Embodying Ecological Heritage in a Maya Community by Kristina Baines Pdf
Embodying Ecological Heritage in a Maya Community: Health, Happiness, and Identity provides an ethnographic account of life in a rural farming village in southern Belize, focusing on the connections between traditional ecological practices and the health and wellness of the Maya community living there. It discusses how complex histories, ecologies, and development practices are negotiated by individuals of all ages, and the community at large, detailing how they interact with their changing environments. The study has wide applicability for indigenous communities fighting for rights to manage their lands across the globe, as well as for considering how health is connected to heritage practices in communities worldwide.
Author : Jon C. Lohse Publisher : Cotsen Institute of Archaeology Press Page : 258 pages File Size : 53,6 Mb Release : 2013-12-31 Category : History ISBN : 9781938770463
Classic Maya Political Ecology by Jon C. Lohse Pdf
Data spanning the Archaic to Early Postclassic are presented, with particular analytical focus given to the end of the Early Classic through the Late and Terminal Classic and the geopolitical tumult that defined this period. Cast in the framework of political ecology, together these studies not only shed light on specific class histories of the region.
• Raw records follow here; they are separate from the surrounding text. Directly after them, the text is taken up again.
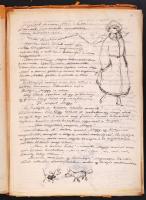 Gogol: Egy őrült emlékiratai Boris László illusztrációival; Bécs, 1922., sorszámozott (50.), aláírt....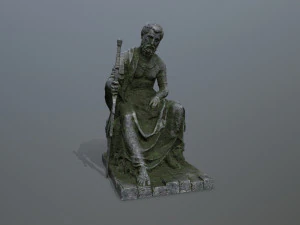 Statue 3D Model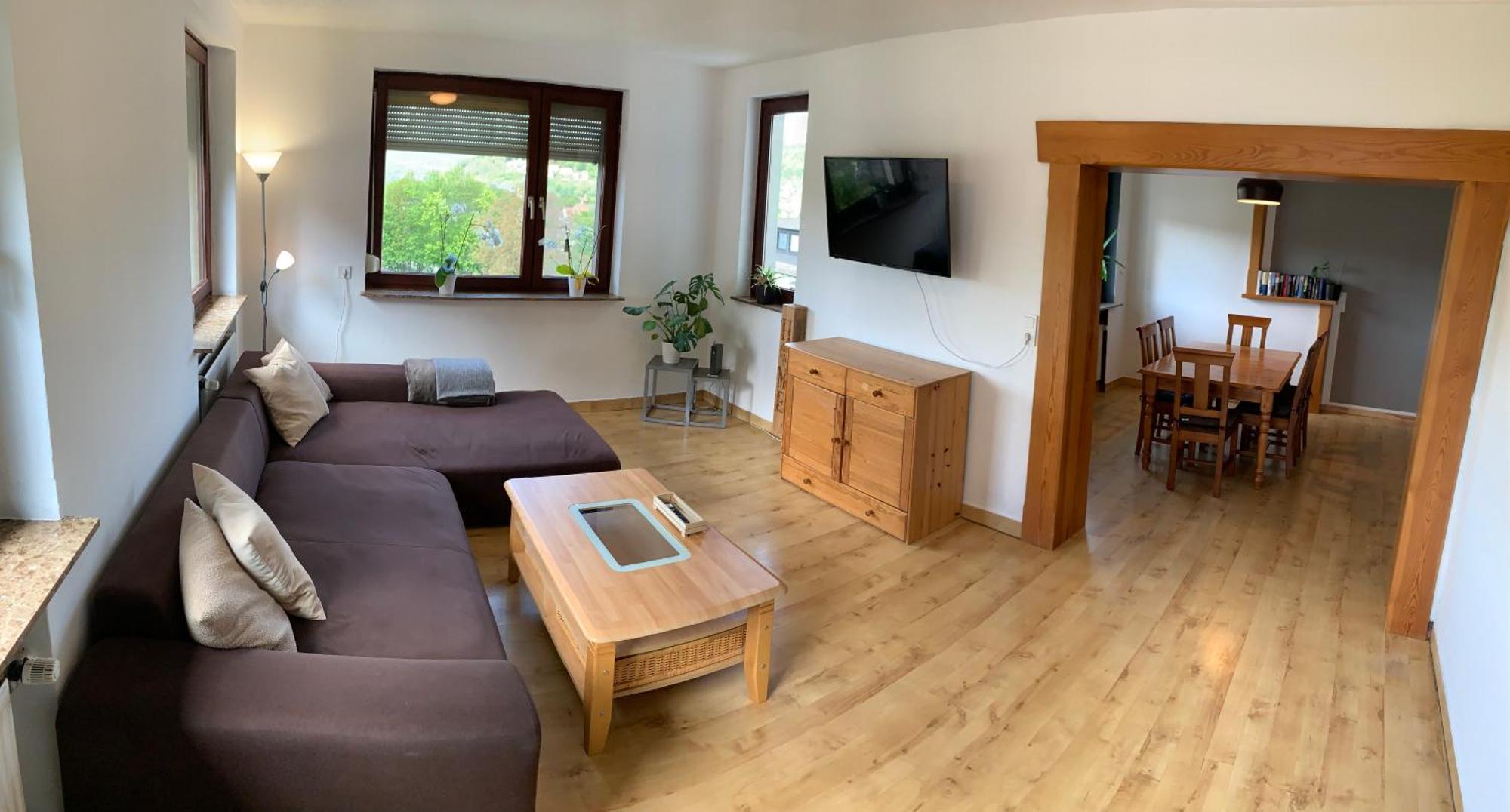 Ferienwohnung Panorama Munden  Ngoại thất bức ảnh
They also advance a theory for understanding the contributions of non-elites to political growth and change over time. Classic Maya Political Ecology opens a window into pre-Columbian political processes grounded in environmental productivity and a mutual interdependence that defined class relations in northwestern Belize. This volume also outlines a theoretical approach that defines commoners and elites alike as political actors, people who contributed to the long term success and adaptability of local and regional political communities and the networks that sustained them.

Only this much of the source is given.